(Extracted data entries)

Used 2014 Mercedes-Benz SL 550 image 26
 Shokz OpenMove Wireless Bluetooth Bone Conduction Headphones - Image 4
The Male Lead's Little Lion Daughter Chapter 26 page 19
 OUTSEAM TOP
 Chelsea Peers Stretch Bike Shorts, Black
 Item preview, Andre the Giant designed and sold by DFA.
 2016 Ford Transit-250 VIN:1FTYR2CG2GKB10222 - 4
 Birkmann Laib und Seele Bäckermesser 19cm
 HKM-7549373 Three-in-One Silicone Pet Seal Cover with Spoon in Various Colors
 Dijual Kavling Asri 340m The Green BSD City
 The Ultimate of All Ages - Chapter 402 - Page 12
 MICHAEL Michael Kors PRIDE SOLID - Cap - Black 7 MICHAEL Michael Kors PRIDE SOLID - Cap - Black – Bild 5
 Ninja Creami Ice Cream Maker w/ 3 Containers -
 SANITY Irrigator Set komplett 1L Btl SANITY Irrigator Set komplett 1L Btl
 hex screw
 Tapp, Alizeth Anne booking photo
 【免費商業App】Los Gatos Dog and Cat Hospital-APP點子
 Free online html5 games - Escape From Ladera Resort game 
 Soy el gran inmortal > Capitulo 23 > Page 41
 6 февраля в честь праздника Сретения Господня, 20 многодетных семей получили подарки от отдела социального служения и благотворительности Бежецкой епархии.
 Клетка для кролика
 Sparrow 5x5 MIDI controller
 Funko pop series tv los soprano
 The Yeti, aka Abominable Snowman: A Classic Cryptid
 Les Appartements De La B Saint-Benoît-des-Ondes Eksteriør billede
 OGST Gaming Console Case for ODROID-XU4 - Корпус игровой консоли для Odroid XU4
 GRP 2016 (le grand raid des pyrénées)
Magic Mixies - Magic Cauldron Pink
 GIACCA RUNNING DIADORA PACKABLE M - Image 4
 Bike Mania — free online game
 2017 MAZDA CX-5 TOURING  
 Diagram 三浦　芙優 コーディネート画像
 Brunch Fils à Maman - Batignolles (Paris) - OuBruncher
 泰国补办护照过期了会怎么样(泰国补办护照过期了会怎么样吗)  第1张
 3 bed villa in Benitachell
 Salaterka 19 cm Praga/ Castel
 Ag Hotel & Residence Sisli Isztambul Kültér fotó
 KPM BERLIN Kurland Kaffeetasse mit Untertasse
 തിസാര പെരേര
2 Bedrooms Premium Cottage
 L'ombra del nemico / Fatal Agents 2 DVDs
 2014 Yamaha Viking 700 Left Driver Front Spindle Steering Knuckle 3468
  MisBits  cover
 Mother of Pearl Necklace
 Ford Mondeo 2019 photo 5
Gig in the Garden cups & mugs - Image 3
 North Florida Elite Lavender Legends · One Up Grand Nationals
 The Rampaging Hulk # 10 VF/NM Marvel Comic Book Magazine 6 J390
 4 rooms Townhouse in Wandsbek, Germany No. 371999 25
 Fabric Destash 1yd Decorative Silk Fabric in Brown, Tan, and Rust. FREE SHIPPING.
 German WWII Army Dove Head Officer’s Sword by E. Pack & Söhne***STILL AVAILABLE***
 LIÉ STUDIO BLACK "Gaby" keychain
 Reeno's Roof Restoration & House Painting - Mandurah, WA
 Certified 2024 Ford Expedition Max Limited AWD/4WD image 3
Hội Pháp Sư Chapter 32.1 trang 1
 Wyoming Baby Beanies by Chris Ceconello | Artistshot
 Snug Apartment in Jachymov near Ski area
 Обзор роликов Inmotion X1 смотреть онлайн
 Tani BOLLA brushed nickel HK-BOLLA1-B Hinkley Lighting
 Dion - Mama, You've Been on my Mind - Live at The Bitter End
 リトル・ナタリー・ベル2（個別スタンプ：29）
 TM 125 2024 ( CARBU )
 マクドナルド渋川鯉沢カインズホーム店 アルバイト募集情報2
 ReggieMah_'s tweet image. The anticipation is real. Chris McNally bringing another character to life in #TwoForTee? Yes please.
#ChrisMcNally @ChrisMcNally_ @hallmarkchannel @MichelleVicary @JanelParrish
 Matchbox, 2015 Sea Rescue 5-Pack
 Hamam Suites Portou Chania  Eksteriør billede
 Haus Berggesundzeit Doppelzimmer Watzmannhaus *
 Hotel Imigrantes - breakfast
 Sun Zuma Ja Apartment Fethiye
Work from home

## EXERCISE DESCRIPTION
Every line of the data above should be copied exactly.

## EXPECTED ANSWER
Used 2014 Mercedes-Benz SL 550 image 26
 Shokz OpenMove Wireless Bluetooth Bone Conduction Headphones - Image 4
The Male Lead's Little Lion Daughter Chapter 26 page 19
 OUTSEAM TOP
 Chelsea Peers Stretch Bike Shorts, Black
 Item preview, Andre the Giant designed and sold by DFA.
 2016 Ford Transit-250 VIN:1FTYR2CG2GKB10222 - 4
 Birkmann Laib und Seele Bäckermesser 19cm
 HKM-7549373 Three-in-One Silicone Pet Seal Cover with Spoon in Various Colors
 Dijual Kavling Asri 340m The Green BSD City
 The Ultimate of All Ages - Chapter 402 - Page 12
 MICHAEL Michael Kors PRIDE SOLID - Cap - Black 7 MICHAEL Michael Kors PRIDE SOLID - Cap - Black – Bild 5
 Ninja Creami Ice Cream Maker w/ 3 Containers -
 SANITY Irrigator Set komplett 1L Btl SANITY Irrigator Set komplett 1L Btl
 hex screw
 Tapp, Alizeth Anne booking photo
 【免費商業App】Los Gatos Dog and Cat Hospital-APP點子
 Free online html5 games - Escape From Ladera Resort game 
 Soy el gran inmortal > Capitulo 23 > Page 41
 6 февраля в честь праздника Сретения Господня, 20 многодетных семей получили подарки от отдела социального служения и благотворительности Бежецкой епархии.
 Клетка для кролика
 Sparrow 5x5 MIDI controller
 Funko pop series tv los soprano
 The Yeti, aka Abominable Snowman: A Classic Cryptid
 Les Appartements De La B Saint-Benoît-des-Ondes Eksteriør billede
 OGST Gaming Console Case for ODROID-XU4 - Корпус игровой консоли для Odroid XU4
 GRP 2016 (le grand raid des pyrénées)
Magic Mixies - Magic Cauldron Pink
 GIACCA RUNNING DIADORA PACKABLE M - Image 4
 Bike Mania — free online game
 2017 MAZDA CX-5 TOURING  
 Diagram 三浦　芙優 コーディネート画像
 Brunch Fils à Maman - Batignolles (Paris) - OuBruncher
 泰国补办护照过期了会怎么样(泰国补办护照过期了会怎么样吗)  第1张
 3 bed villa in Benitachell
 Salaterka 19 cm Praga/ Castel
 Ag Hotel & Residence Sisli Isztambul Kültér fotó
 KPM BERLIN Kurland Kaffeetasse mit Untertasse
 തിസാര പെരേര
2 Bedrooms Premium Cottage
 L'ombra del nemico / Fatal Agents 2 DVDs
 2014 Yamaha Viking 700 Left Driver Front Spindle Steering Knuckle 3468
  MisBits  cover
 Mother of Pearl Necklace
 Ford Mondeo 2019 photo 5
Gig in the Garden cups & mugs - Image 3
 North Florida Elite Lavender Legends · One Up Grand Nationals
 The Rampaging Hulk # 10 VF/NM Marvel Comic Book Magazine 6 J390
 4 rooms Townhouse in Wandsbek, Germany No. 371999 25
 Fabric Destash 1yd Decorative Silk Fabric in Brown, Tan, and Rust. FREE SHIPPING.
 German WWII Army Dove Head Officer’s Sword by E. Pack & Söhne***STILL AVAILABLE***
 LIÉ STUDIO BLACK "Gaby" keychain
 Reeno's Roof Restoration & House Painting - Mandurah, WA
 Certified 2024 Ford Expedition Max Limited AWD/4WD image 3
Hội Pháp Sư Chapter 32.1 trang 1
 Wyoming Baby Beanies by Chris Ceconello | Artistshot
 Snug Apartment in Jachymov near Ski area
 Обзор роликов Inmotion X1 смотреть онлайн
 Tani BOLLA brushed nickel HK-BOLLA1-B Hinkley Lighting
 Dion - Mama, You've Been on my Mind - Live at The Bitter End
 リトル・ナタリー・ベル2（個別スタンプ：29）
 TM 125 2024 ( CARBU )
 マクドナルド渋川鯉沢カインズホーム店 アルバイト募集情報2
 ReggieMah_'s tweet image. The anticipation is real. Chris McNally bringing another character to life in #TwoForTee? Yes please.
#ChrisMcNally @ChrisMcNally_ @hallmarkchannel @MichelleVicary @JanelParrish
 Matchbox, 2015 Sea Rescue 5-Pack
 Hamam Suites Portou Chania  Eksteriør billede
 Haus Berggesundzeit Doppelzimmer Watzmannhaus *
 Hotel Imigrantes - breakfast
 Sun Zuma Ja Apartment Fethiye
Work from home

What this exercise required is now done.